# NLP with pretrained models - spaCy and StanfordNLP

In [1]:
import spacy

en = spacy.load("en")

In [2]:
text = ("Donald John Trump (born June 14, 1946) is the 45th and current president of "
        "the United States.  Before entering politics, he was a businessman and television personality.")
print(text)

Donald John Trump (born June 14, 1946) is the 45th and current president of the United States.  Before entering politics, he was a businessman and television personality.


In [3]:
doc_en = en(text)

First spaCy splits your document into sentences, and the sentences in tokens.

In [4]:
list(doc_en.sents)

[Donald John Trump (born June 14, 1946) is the 45th and current president of the United States.  ,
 Before entering politics, he was a businessman and television personality.]

In [5]:
from IPython.display import HTML, display
import tabulate

tokens = [[token] for token in doc_en]
display(HTML(tabulate.tabulate(tokens, tablefmt='html')))

0
Donald
John
Trump
(
born
June
14
","
1946
)


In addition, spaCy also identifies a number of linguistic features for every token. The most basic of these are the lemma, and two types of parts-of-speech tags: the `pos_` attribute contains the [Universal POS tags](https://universaldependencies.org/u/pos/) from the [Universal Dependencies](https://universaldependencies.org/), while the `tag_` attribute contains more fine-grained, language-specific part-of-speech tags.

In [6]:
features = [[t.orth_, t.lemma_, t.pos_, t.tag_] for t  in doc_en]
display(HTML(tabulate.tabulate(features, tablefmt='html')))

0,1,2,3
Donald,donald,PROPN,NNP
John,john,PROPN,NNP
Trump,trump,PROPN,NNP
(,(,PUNCT,-LRB-
born,bear,VERB,VBN
June,june,PROPN,NNP
14,14,NUM,CD
",",",",PUNCT,","
1946,1946,NUM,CD
),),PUNCT,-RRB-


Next, spaCy also offers pre-trained models for named entity recognition. Their results can be found on the `ent_iob_` and `ent_type` attributes. The `ent_type` attribute tells us what type of entity the token refers to. In the English models, these entity types follow the [OntoNotes standard](https://catalog.ldc.upenn.edu/docs/LDC2013T19/OntoNotes-Release-5.0.pdf). In our example, we see that `Donald John Trump` refers to a person, `June 14, 1946` to a date, `45th` to an ordinal number, and `the United States` to a geo-political entity (GPE). 

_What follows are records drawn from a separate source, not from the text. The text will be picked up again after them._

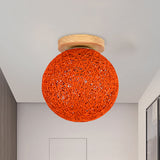 Modernist Rattan Ceiling Mount Light: Blue/Flaxen Globe Shade 6/8 Wide 1 Bulb Flush Lighting For
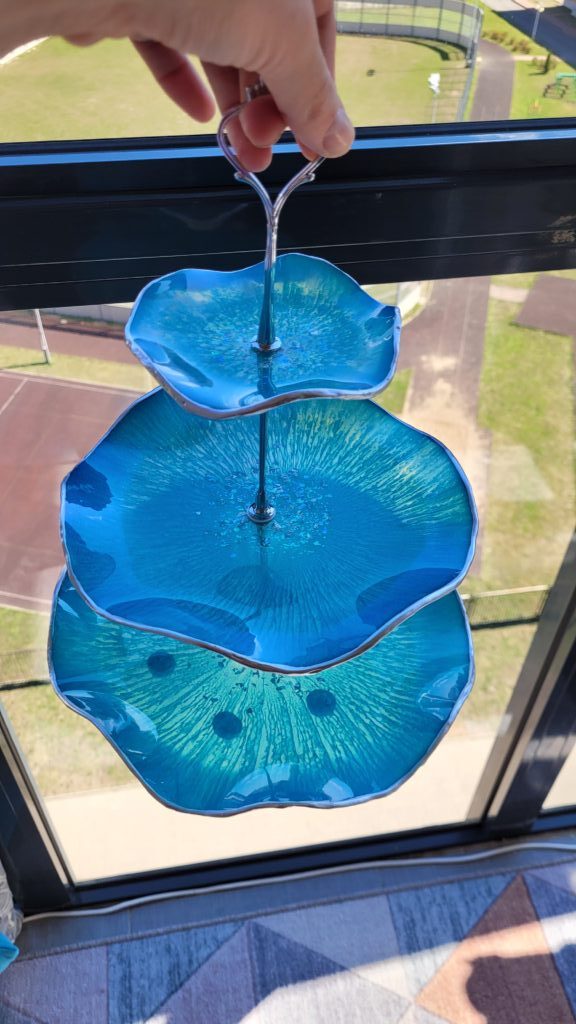 Конфетница трехярусная Бирюзовая из смолы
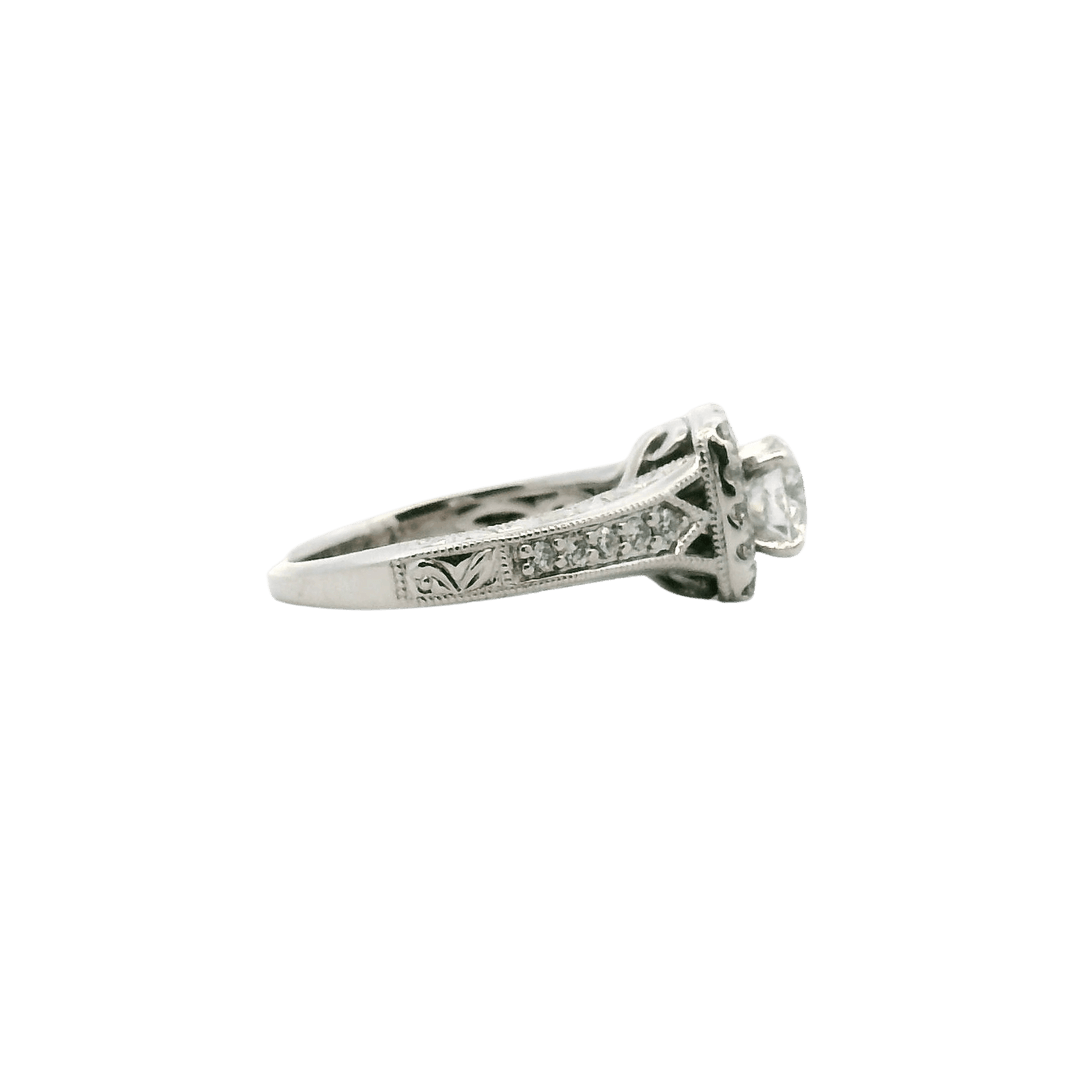 Estate 14K White Gold 0.73CTW Diamond Engraved Halo Engagement Ring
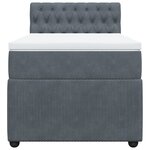 vidaXL Sommier à lattes de lit avec matelas Gris foncé 100x200 cm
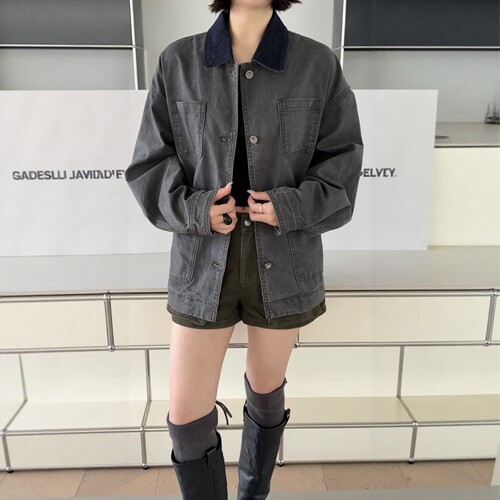 妍西家 诗歌兰女装26秋款61582时尚水洗灰拼色领牛仔外套宽松休闲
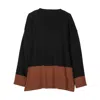 Niza Women's Orange Loose Fitting Turtleneck Sweater In Black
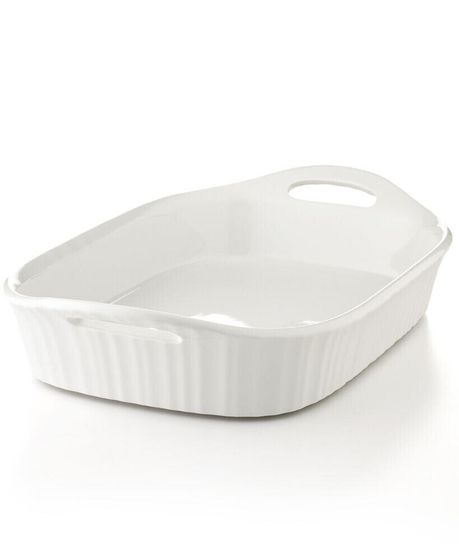 French White 3 Qt. Rectangular Baker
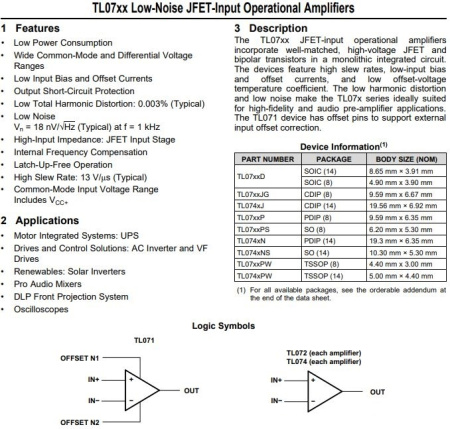 микросхема TL072CN, 2*ОУ, ±18В, DIP8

The letters on the `ent_iob_` attribute give the position of the token in the entity. `O` means the token is outside of an entity, `B` means the token is at the beginning of an entity, and `I` means it is inside an entity (at any position except for the beginning). In this way, we can tell apart several entities of the same type that immediately follow each other. Together these letters form the so-called `BIO` tagging scheme. There are other tagging schemes, such as `BILUO`, which also has letters for the last position and single (unique) tokens in an entity, but the BIO scheme gives you all the information you need.  

In [7]:
entities = [(t.orth_, t.ent_iob_, t.ent_type_) for t in doc_en]
display(HTML(tabulate.tabulate(entities, tablefmt='html')))

0,1,2
Donald,B,PERSON
John,I,PERSON
Trump,I,PERSON
(,O,
born,O,
June,B,DATE
14,I,DATE
",",I,DATE
1946,I,DATE
),O,


You can also access the entities directly on the `ents` attribute of the document: 

In [8]:
print([(ent.text, ent.label_) for ent in doc_en.ents])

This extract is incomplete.